Work instruction. Both ends included, set down the lines from the line containing "Bonis: Six Pieces for Flute Choir" through the last line of the records below, without pictures.

Pictures with short captions:
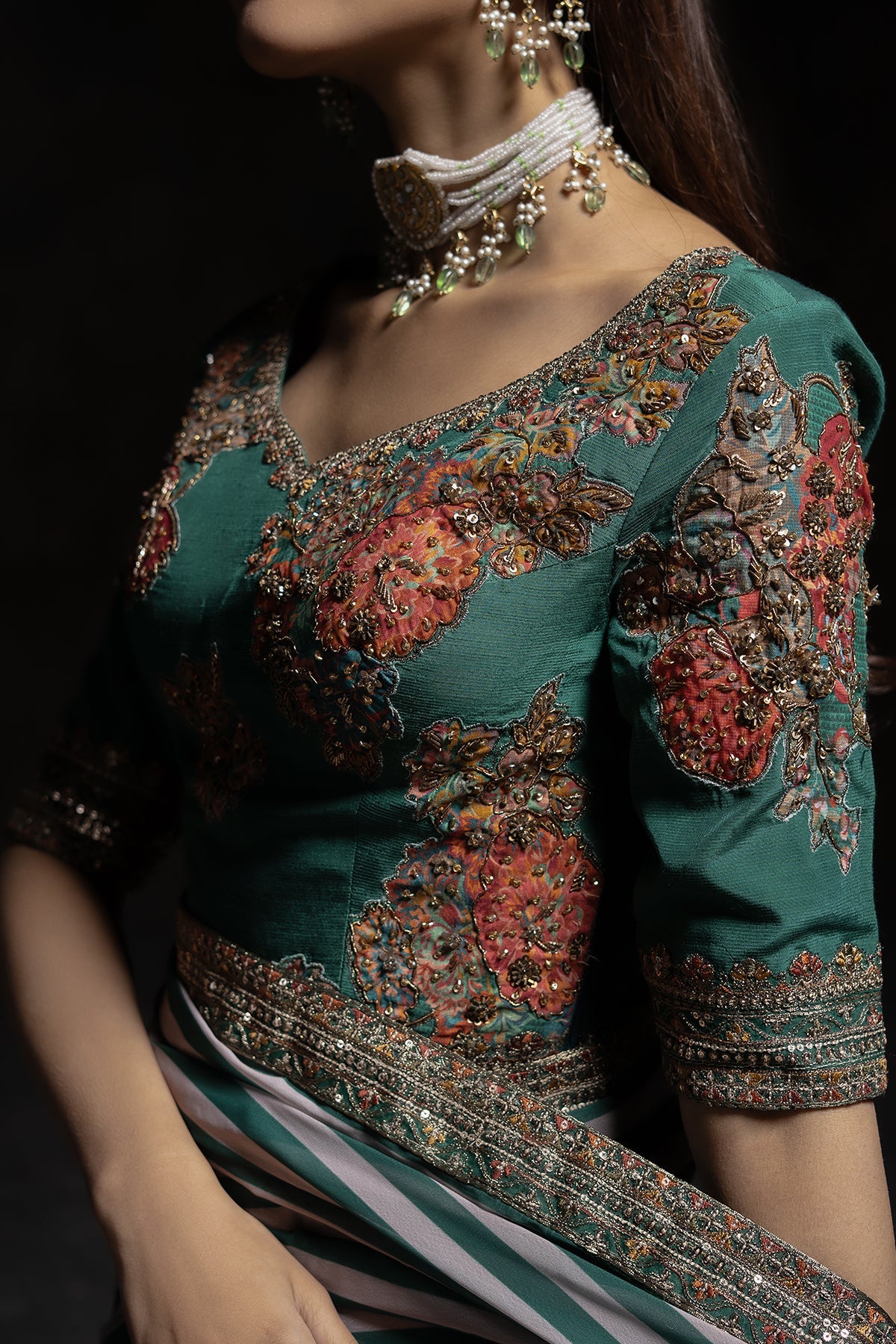 3-PC Stitched Premium Saree Collection  CSS6-04P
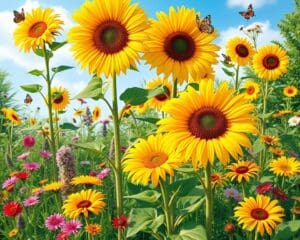 Hoe combineer je zonnebloemen met andere planten?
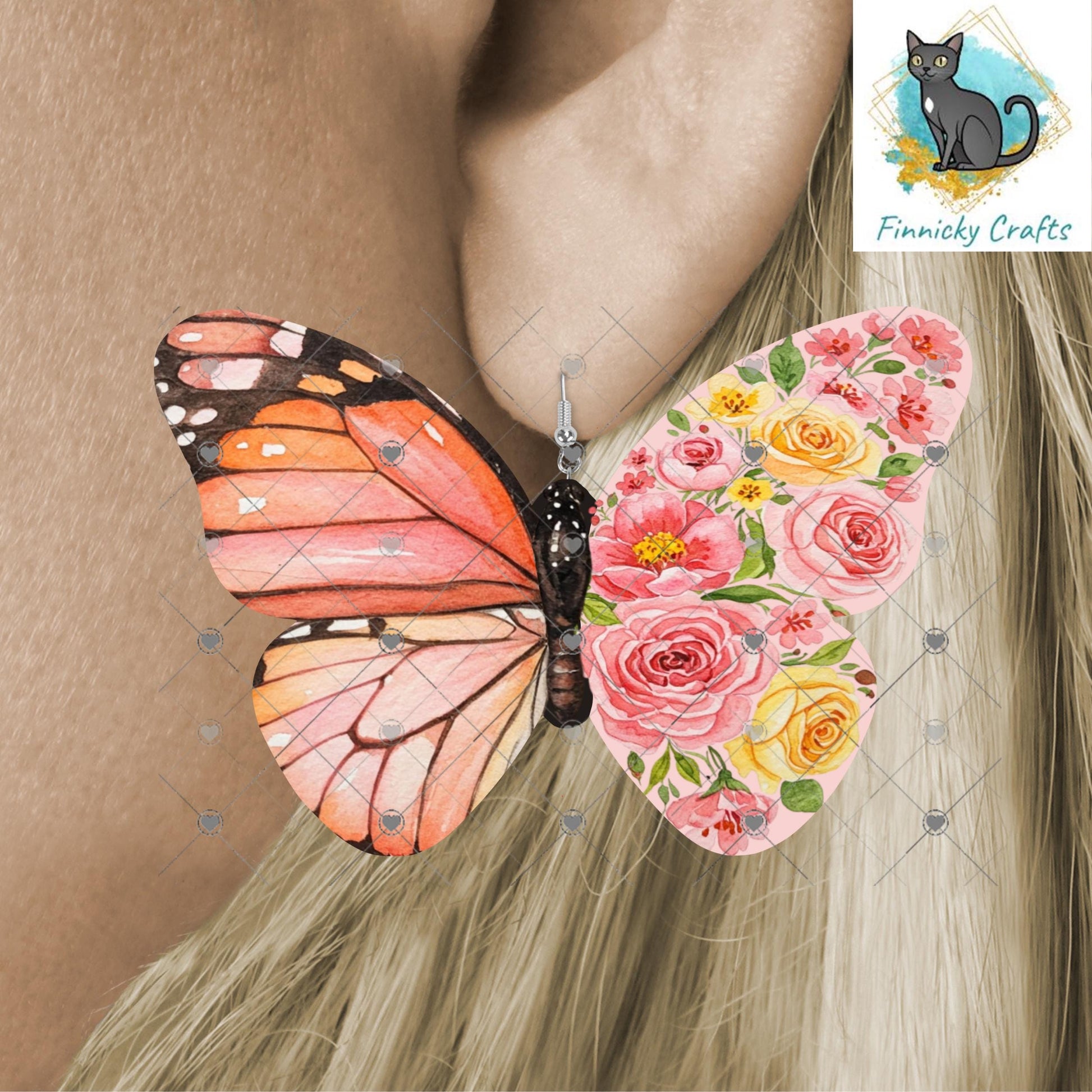 Butterfly Floral - Sublimation Design Png Template - Earrings, Necklace, Nightlight, Sign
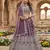 Lavender Net Semi Stitched Lehenga Choli with Embroidery & Dori Sequence Work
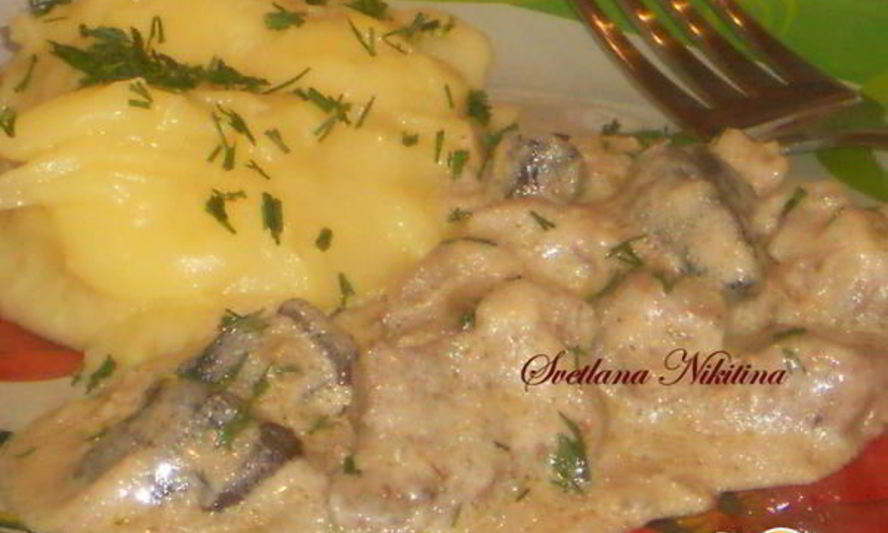 Рецепт говядины с грибами в сливочном соусе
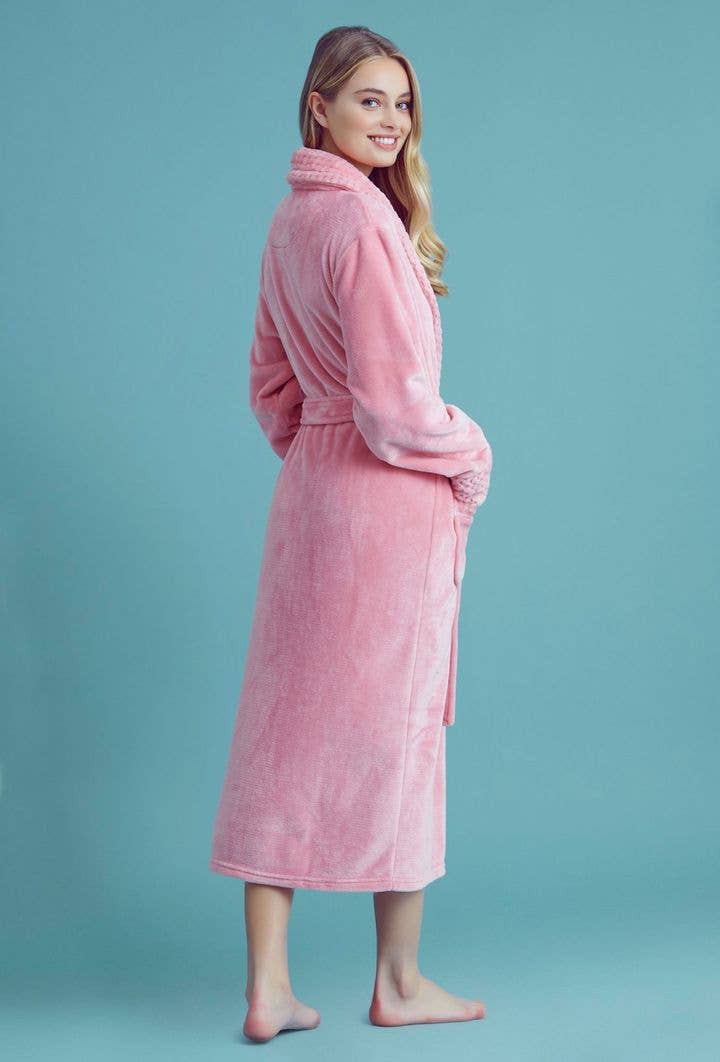 robesnmore – wholesale Robe – Women's – Women Plush Shawl Collar Robe Pink3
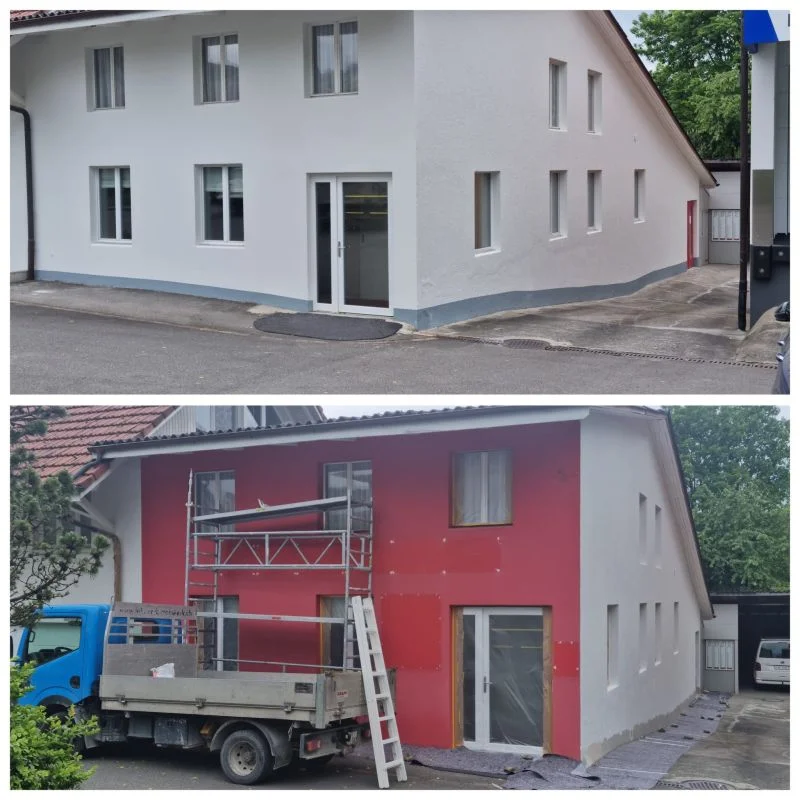 Fassadenanstrich Einfamilienhaus Aargau weiss gestrichen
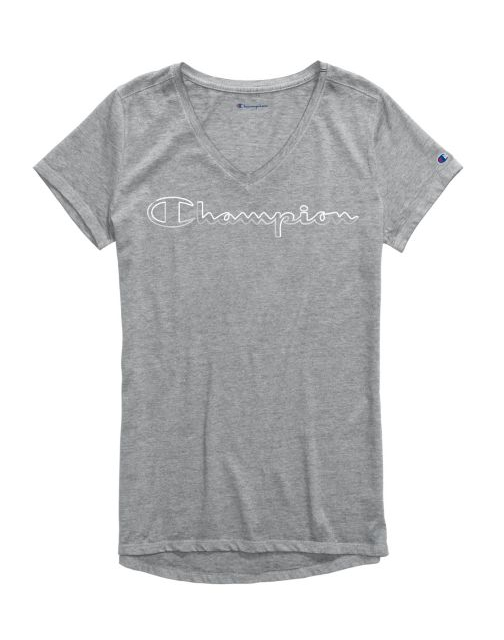 Champion Women's Authentic Wash V-Neck Tee, Colorblock Logo W0821G 549933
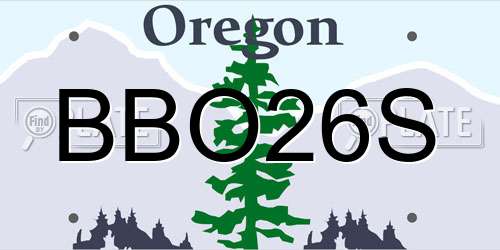 BBO26S Oregon License Plate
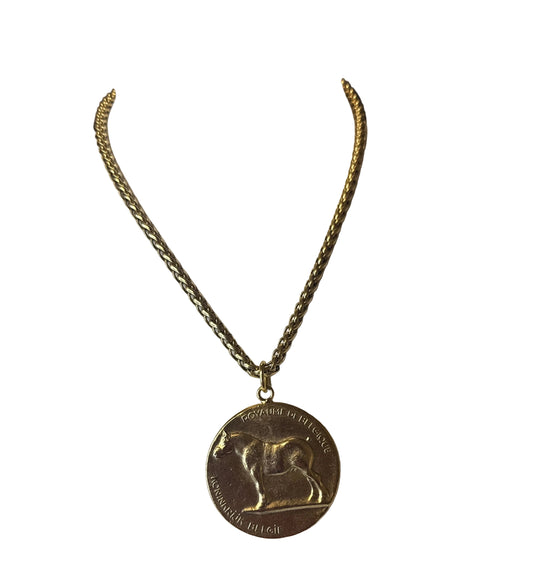 Gold Coin Horse Necklace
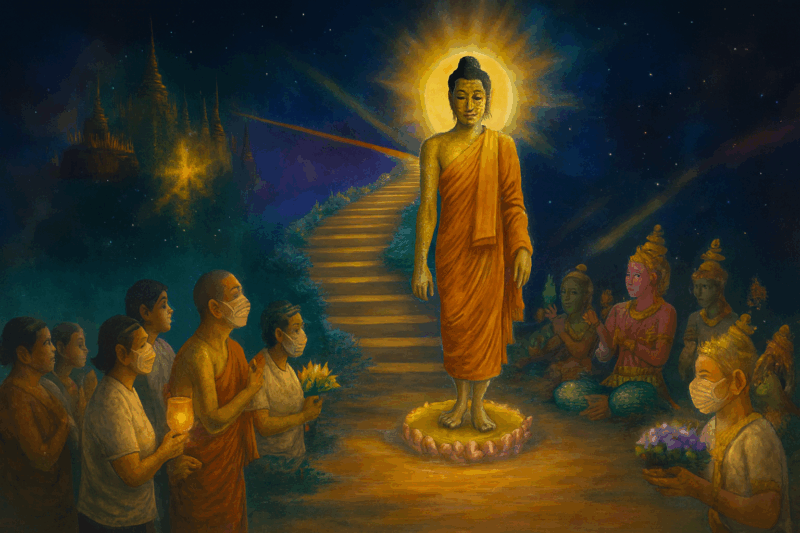 「オークパンサー」は、仏教における非常に重要な日で、「出安居（しゅつあんご）」と訳されます。これは、仏教の僧侶たちが3ヶ月間にわたる雨季の修行期間（雨安居 / Vassa / เข้าพรรษา カオパンサー）を終える日を指します。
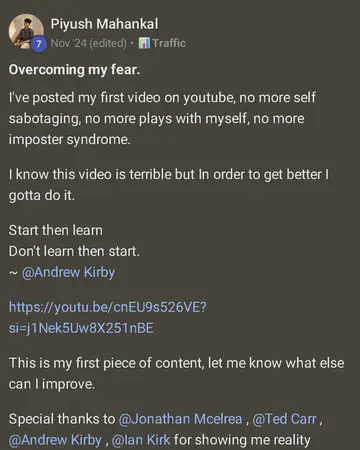 Piyush Mahankal's Skool post: Overcoming my fear.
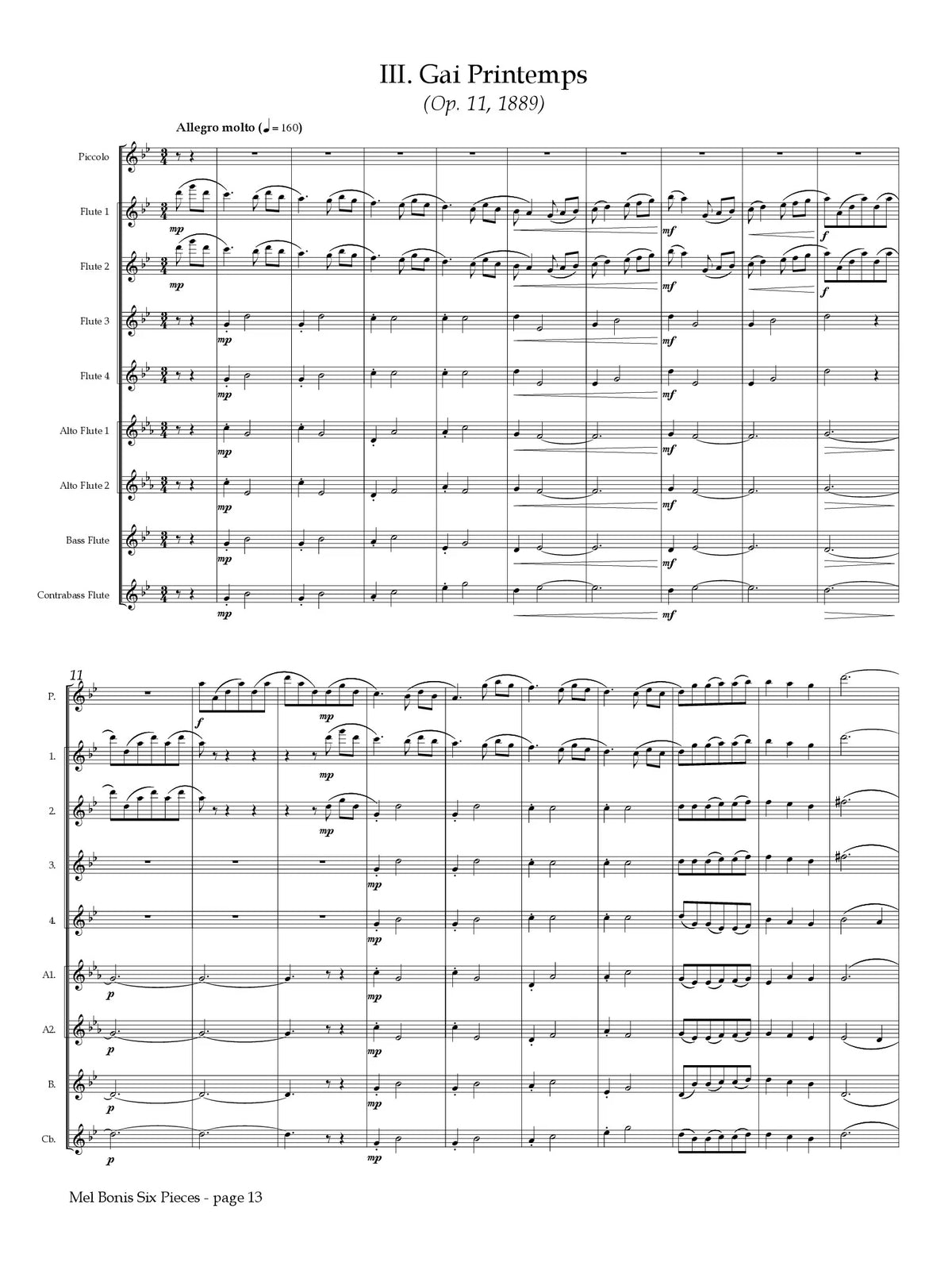 Bonis: Six Pieces for Flute Choir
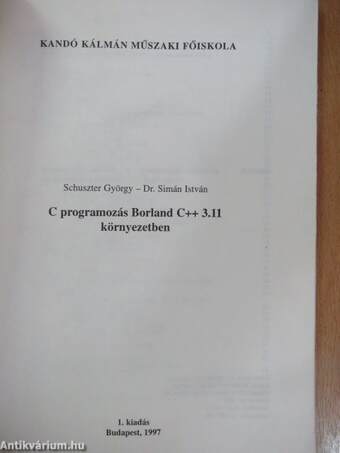 C programozás Borland C++ 3.11 környezetben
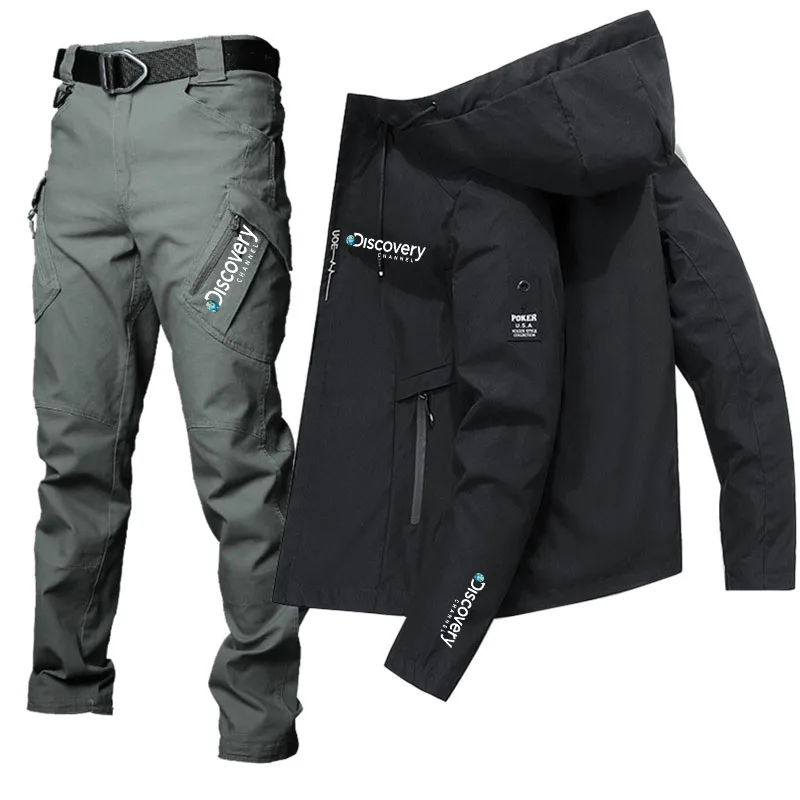 

New Year 2023, Discovery Spring And Autumn Men'S Wind Jacket Lightweight Fashion Outdoor Waterproof Sports Hoodie Set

Your response.
 Bonis: Six Pieces for Flute Choir
 C programozás Borland C++ 3.11 környezetben

New Year 2023, Discovery Spring And Autumn Men'S Wind Jacket Lightweight Fashion Outdoor Waterproof Sports Hoodie Set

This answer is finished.